O motivo pelo qual isso é tão difícil é que organizar viagens envolve muita logística e a maioria das pessoas faz isso apenas algumas vezes por ano. Então queremos que o Airbnb se torne o destino definitivo para viajar e viver —uma espécie de concierge de viagem no bolso capaz de oferecer tudo.

DIFERENÇA DO AIRBNB PARA OUTRAS EMPRESAS DE TECNOLOGIA

Diferentemente de empresas como Anthropic ou OpenAI, nós não precisamos gastar bilhões de dólares com data centers. Não temos grandes despesas de capital e não espero que isso aconteça. Não vamos construir nossos próprios modelos.

Usamos modelos open source. Nosso agente de atendimento ao cliente já usa 13 modelos diferentes. Uma das vantagens do nosso negócio é justamente ser relativamente leve em capital.

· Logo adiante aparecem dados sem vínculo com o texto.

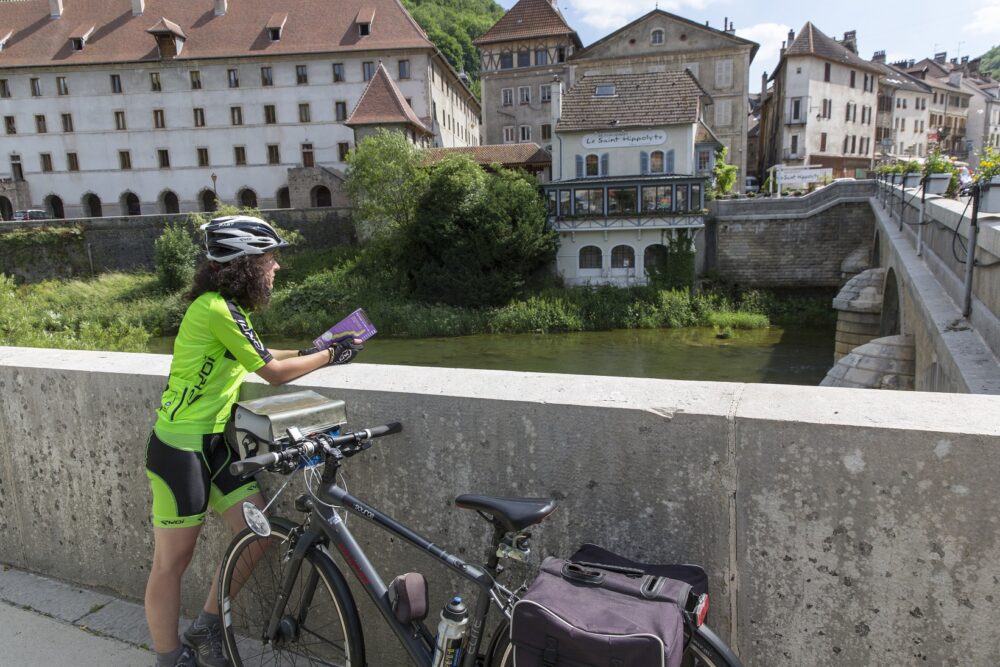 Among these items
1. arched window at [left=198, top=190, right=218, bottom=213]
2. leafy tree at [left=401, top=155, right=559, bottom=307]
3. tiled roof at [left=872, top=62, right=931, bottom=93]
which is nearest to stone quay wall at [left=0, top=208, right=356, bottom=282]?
arched window at [left=198, top=190, right=218, bottom=213]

A IA COMO UMA (NÃO) AMEAÇA AO AIRBNB

Acho que cada vez mais as pessoas vão passar tempo diante de telas. Elas vão ficar mais solitárias. E acho que tendemos a valorizar aquilo que se torna escasso. E o que pode se tornar escasso são experiências reais significativas e relações humanas genuínas.

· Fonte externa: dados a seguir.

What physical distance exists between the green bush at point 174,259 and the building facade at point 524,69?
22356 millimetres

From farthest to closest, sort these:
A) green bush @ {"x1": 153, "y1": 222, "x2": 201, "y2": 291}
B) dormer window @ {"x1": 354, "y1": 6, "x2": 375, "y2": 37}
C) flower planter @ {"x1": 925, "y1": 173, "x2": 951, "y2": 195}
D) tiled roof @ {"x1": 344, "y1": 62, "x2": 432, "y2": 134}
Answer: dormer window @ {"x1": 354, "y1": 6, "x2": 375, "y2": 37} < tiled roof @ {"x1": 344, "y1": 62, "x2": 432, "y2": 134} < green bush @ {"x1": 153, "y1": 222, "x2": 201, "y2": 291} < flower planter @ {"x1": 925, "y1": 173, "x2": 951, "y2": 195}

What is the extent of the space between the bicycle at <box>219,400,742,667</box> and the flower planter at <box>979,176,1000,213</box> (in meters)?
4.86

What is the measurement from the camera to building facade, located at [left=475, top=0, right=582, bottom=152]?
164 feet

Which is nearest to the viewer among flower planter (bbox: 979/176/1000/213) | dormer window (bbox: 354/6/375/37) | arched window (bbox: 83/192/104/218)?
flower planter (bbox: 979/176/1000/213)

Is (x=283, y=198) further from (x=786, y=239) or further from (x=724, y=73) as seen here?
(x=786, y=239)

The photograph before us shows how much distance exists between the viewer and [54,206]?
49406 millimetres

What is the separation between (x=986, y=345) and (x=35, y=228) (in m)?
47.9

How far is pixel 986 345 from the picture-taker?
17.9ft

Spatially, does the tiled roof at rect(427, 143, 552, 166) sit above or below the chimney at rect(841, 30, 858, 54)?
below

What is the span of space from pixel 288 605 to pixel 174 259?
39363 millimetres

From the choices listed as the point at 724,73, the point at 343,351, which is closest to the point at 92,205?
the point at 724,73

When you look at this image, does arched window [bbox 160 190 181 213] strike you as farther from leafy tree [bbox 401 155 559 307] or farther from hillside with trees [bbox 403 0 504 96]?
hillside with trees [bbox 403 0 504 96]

Apostar no Airbnb e apostar em viagens também é uma aposta sobre para onde o mundo está caminhando na era da IA. Eu gosto de dizer: ou você aposta numa tendência ou aposta na tendência oposta. Eu não acho que a IA vá matar coisas como vinho de Bordeaux. Acho que experiências assim vão continuar indo muito bem.


RAIO-X | BRIAN CHESKY, 44

Nascido em Niskayuna (EUA), se formou em design na Rhode Island School of Design. É cofundador do Airbnb e CEO da empresa. Tem fortuna de US$ 9,8 bilhões segundo estimativa da Bloomberg.